Jean-Pierre Grallet O.F.M. (born 20 May 1941) is a French prelate of the Catholic Church who was archbishop of Strasbourg from 2007 to 2017. He was auxiliary bishop there from 2004 to 2007.

He is currently under investigation by both civil and church authorities for sexual abuse of an adult woman in the 1980s; he has admitted his behavior was inappropriate and expressed regret.

==Biography==
Grallet was born on 20 May 1941 in Rozelieures in Lorraine. He studied at the minor and major seminaries of Nancy. After entering the Order of Friars Minor, he continued his theological formation at the Orsay School of Theology of the Franciscan Province of Paris. He made his solemn vows as a Franciscan on 15 September 1968 and was ordained a priest on 28 June 1969. He obtained a degree in history from the University of Besançon.

Within the Franciscans he was: Custos (1973–1985); Provincial Definitor (1976–1985); master of temporary professed (1985–1988); provincial vicar (1985–1988 and 1996–1999); provincial minister (1988–1996); visitor general (1986, 1988 and 1996); Superior of the Convent of the Franciscan Friars Minor of Strasbourg (1999). He was also in Phalsbourg, educator-chaplain at the "Collège Saint-Antoine" from 1969 to 1972; chaplain of the "Pelante" high school and of the students of the University of Besançon, as well as professor of Church history in the major seminary of Dijon from 1972 to 1985; chaplain of the students in Strasbourg from 1985 to 1988; student chaplain in Metz from 1988 to 1996.

Pope John Paul II named him auxiliary bishop of Strasbourg on 27 September 2004. He received his episcopal consecration on 23 October.

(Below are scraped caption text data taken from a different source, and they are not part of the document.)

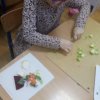Zdrowo jemy 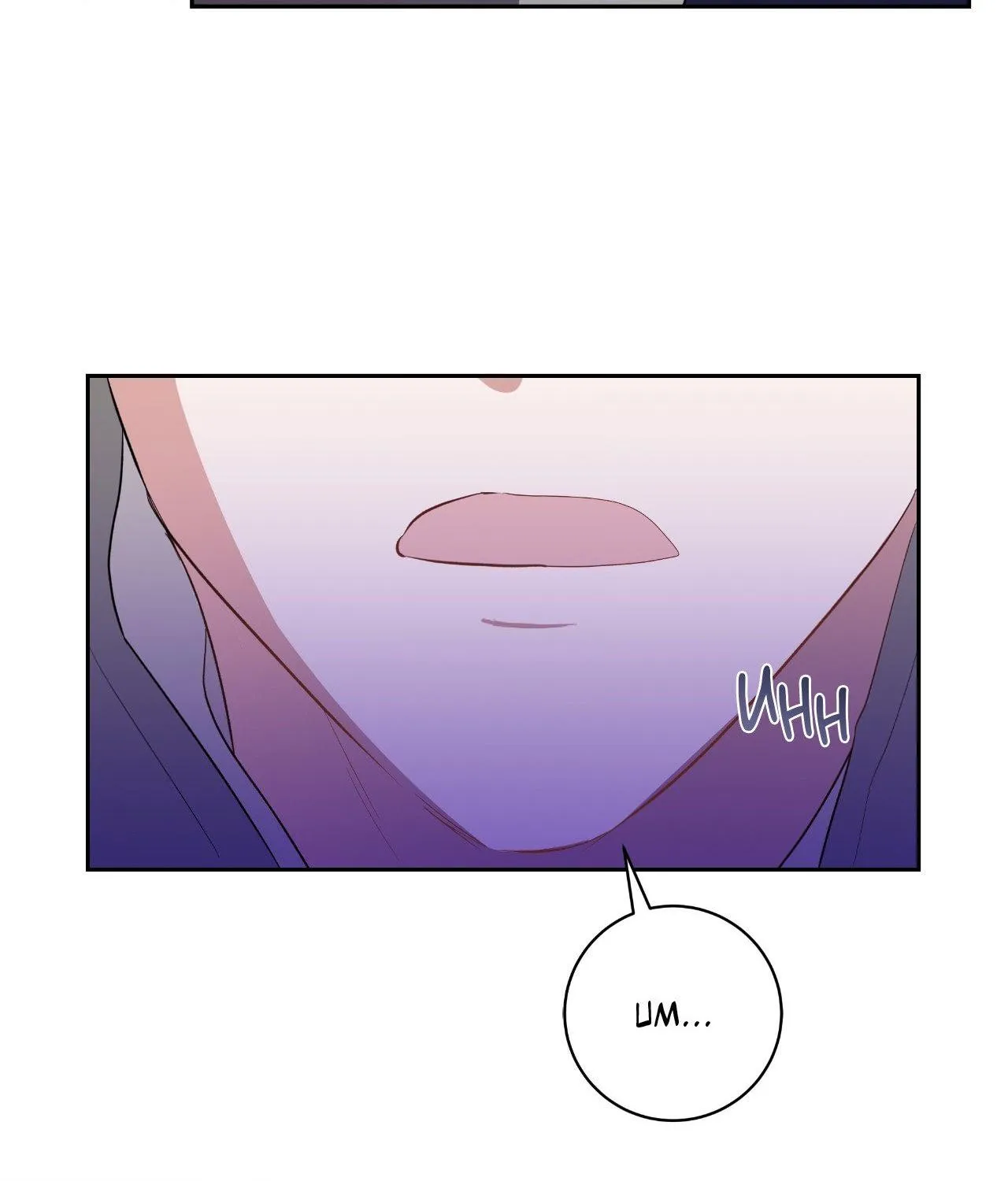 Read Devil (Yuwon) chapter 11 image 117 on Lezhin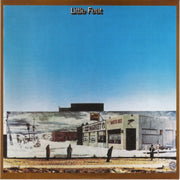 Little Feat – Original Album Series – Front Cover – Relix – 1200x1200px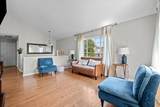 452 Churchill Drive - Photo 3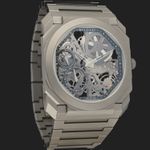 Bulgari Octo 102714 - (4/8)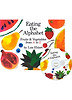 [노부영]Eating the Alphabet (Paperback & CD Set)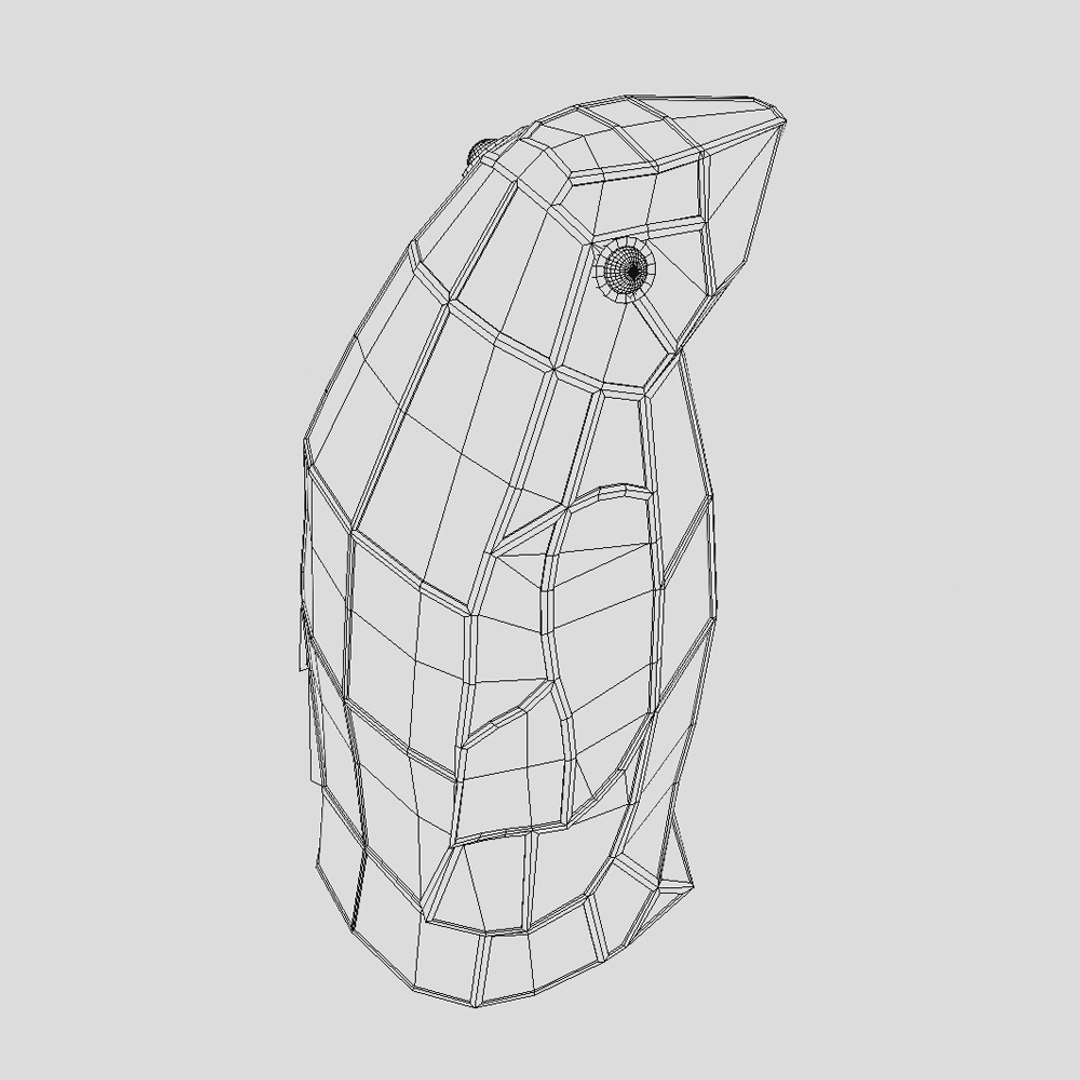 3ds max animal light https://p.turbosquid.com/ts-thumb/JV/8MGg7N/CyO7QnnU/w8/jpg/1363877692/1920x1080/fit_q87/06c061edb12a0470c5b49103fe76fbe4bea4620a/w8.jpg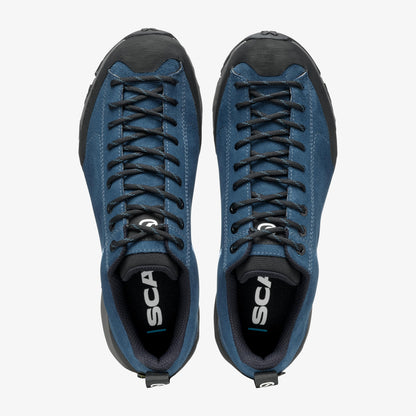 Mojito Trail GTX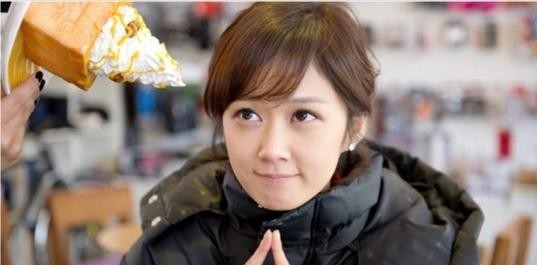 “刁蛮公主”张娜拉,献歌奥运,误谈圈钱被封杀,40岁想嫁中国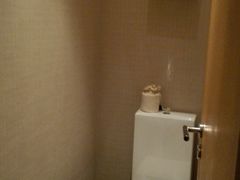 -深圳湾木棉花酒店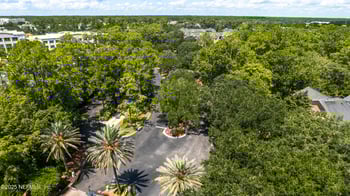 13810 Sutton Park Dr #1429, Jacksonville, FL 32224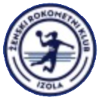 Izola (Women)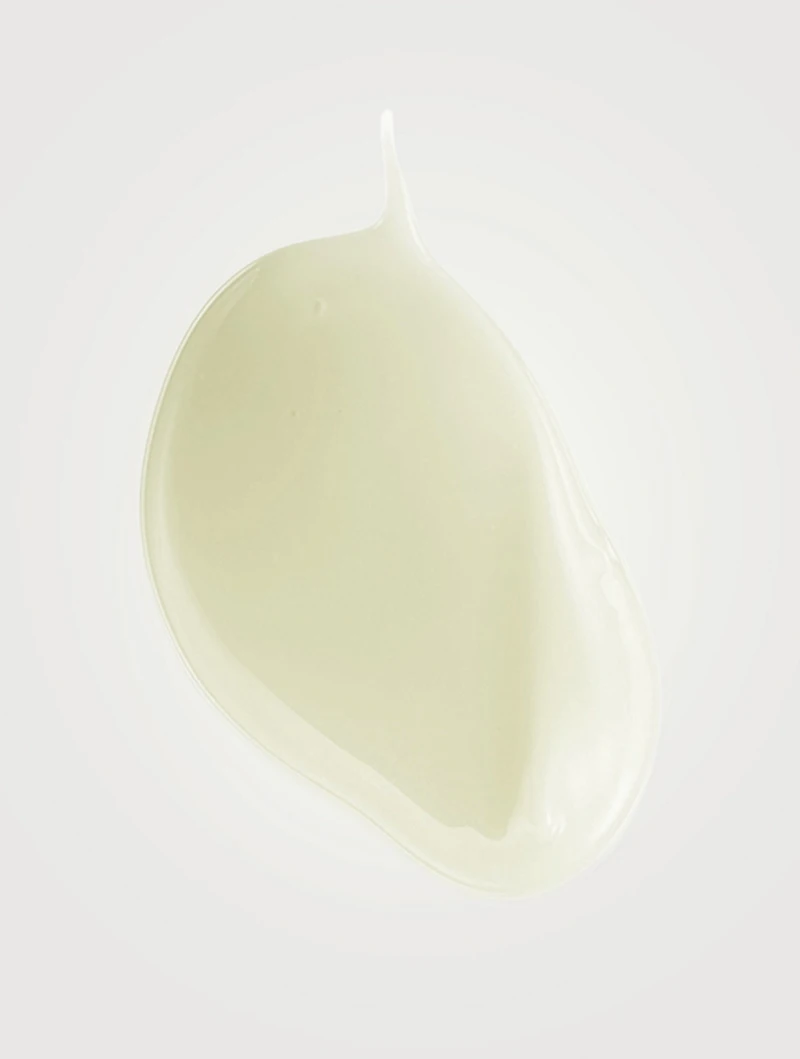Extra Nourish Eye Cream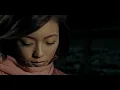 m-flo / come again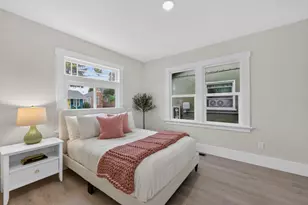 465 Rutland Ave, San Jose, CA 95128 - Photo 11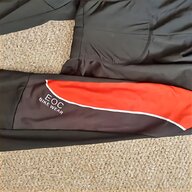 cycling shorts for sale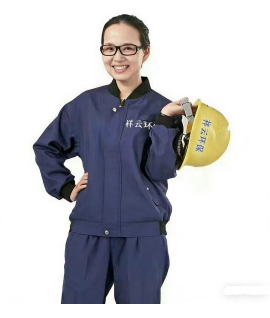 联系我们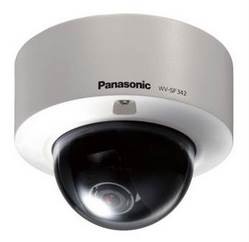 IP-камера Panasonic WV-SF342E
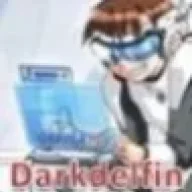 darkdelfin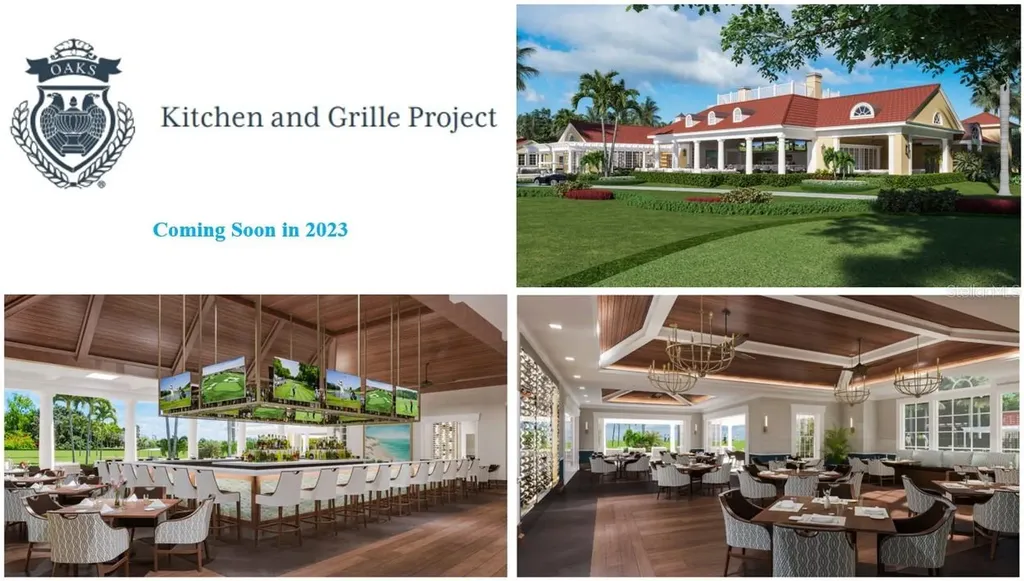 3603 N Point Road Osprey FL 34229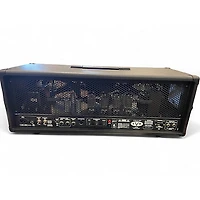 Used EVH 5150 III stealth Tube Guitar Amp Head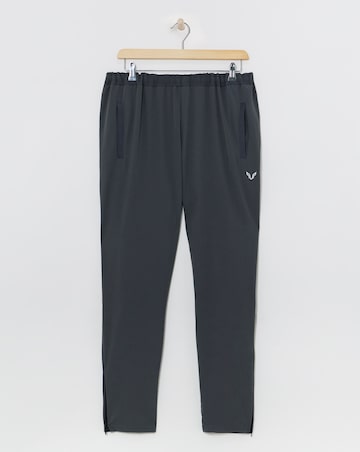 Okami Fusion Pants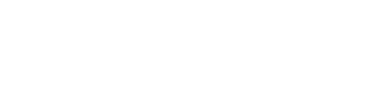 Cottage Grove Place white logo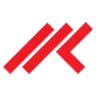 ARSA Technology logo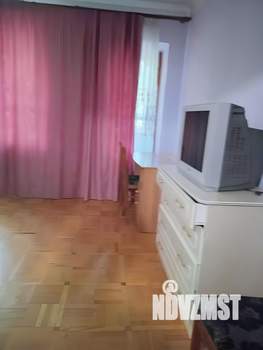 2-к квартира, на длительный срок, 66м2, 2/5 этаж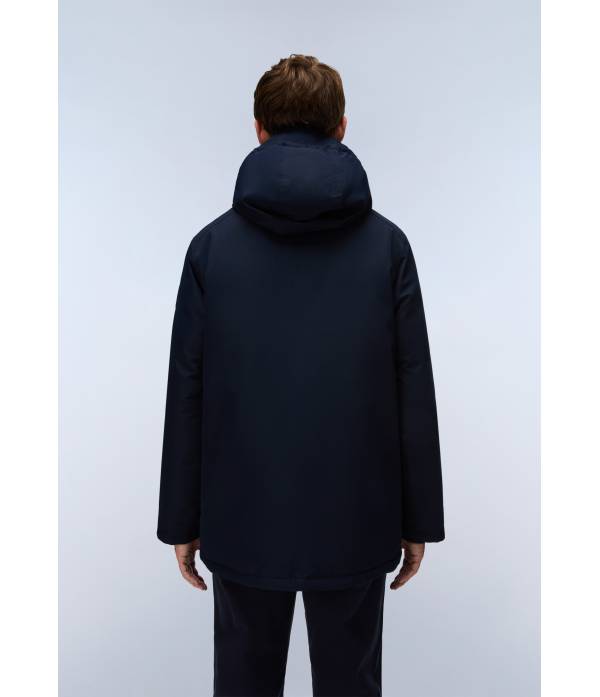 A-CORNIER 1 BLU MARINE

Pope Benedict XVI named him archbishop there on 21 April 2007 and he was installed there on 13 May.

Pope Francis accepted his resignation as archbishop on 18 February 2017.

==Admission of sexual abuse==
On 16 November 2022, Grallet published a statement admitting that at the end of the 1980s, he had made "inappropriate gestures" (gestes déplacés) towards a young adult woman and that he deeply regretted his actions.

According to his successor, Luc Ravel, the events occurred in the fall of 1985 and were brought to his attention by the victim in December 2021 and he reported them to the Strasbourg public prosecutor in January 2022. He said he had notified Vatican authorities as well.

Michel Laloux, provincial of the Franciscans of France and Belgium, reported that by 30 September 2022 a canonical procedure was under way and that on 4 November he had suspended Grallet from his current assignment supervising a retirement home for Franciscans.